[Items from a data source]
- - - - - - -
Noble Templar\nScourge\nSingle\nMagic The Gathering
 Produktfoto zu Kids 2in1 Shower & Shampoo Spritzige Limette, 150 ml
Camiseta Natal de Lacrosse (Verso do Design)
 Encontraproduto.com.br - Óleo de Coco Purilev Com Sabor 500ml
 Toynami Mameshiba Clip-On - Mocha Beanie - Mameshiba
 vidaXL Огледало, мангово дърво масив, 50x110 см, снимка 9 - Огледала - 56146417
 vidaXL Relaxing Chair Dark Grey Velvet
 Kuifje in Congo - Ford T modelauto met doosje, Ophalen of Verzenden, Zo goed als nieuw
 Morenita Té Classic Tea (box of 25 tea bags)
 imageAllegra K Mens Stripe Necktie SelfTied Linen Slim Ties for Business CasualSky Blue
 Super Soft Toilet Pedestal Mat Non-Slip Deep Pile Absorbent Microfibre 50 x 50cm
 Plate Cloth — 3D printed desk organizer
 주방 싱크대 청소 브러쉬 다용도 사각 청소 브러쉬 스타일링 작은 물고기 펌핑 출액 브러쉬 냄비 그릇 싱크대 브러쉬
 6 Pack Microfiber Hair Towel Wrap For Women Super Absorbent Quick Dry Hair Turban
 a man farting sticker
- - - - - - -
### Aim of the task
What is needed here is an exact copy of all the entries.

### Solution for this task
Noble Templar\nScourge\nSingle\nMagic The Gathering
 Produktfoto zu Kids 2in1 Shower & Shampoo Spritzige Limette, 150 ml
Camiseta Natal de Lacrosse (Verso do Design)
 Encontraproduto.com.br - Óleo de Coco Purilev Com Sabor 500ml
 Toynami Mameshiba Clip-On - Mocha Beanie - Mameshiba
 vidaXL Огледало, мангово дърво масив, 50x110 см, снимка 9 - Огледала - 56146417
 vidaXL Relaxing Chair Dark Grey Velvet
 Kuifje in Congo - Ford T modelauto met doosje, Ophalen of Verzenden, Zo goed als nieuw
 Morenita Té Classic Tea (box of 25 tea bags)
 imageAllegra K Mens Stripe Necktie SelfTied Linen Slim Ties for Business CasualSky Blue
 Super Soft Toilet Pedestal Mat Non-Slip Deep Pile Absorbent Microfibre 50 x 50cm
 Plate Cloth — 3D printed desk organizer
 주방 싱크대 청소 브러쉬 다용도 사각 청소 브러쉬 스타일링 작은 물고기 펌핑 출액 브러쉬 냄비 그릇 싱크대 브러쉬
 6 Pack Microfiber Hair Towel Wrap For Women Super Absorbent Quick Dry Hair Turban
 a man farting sticker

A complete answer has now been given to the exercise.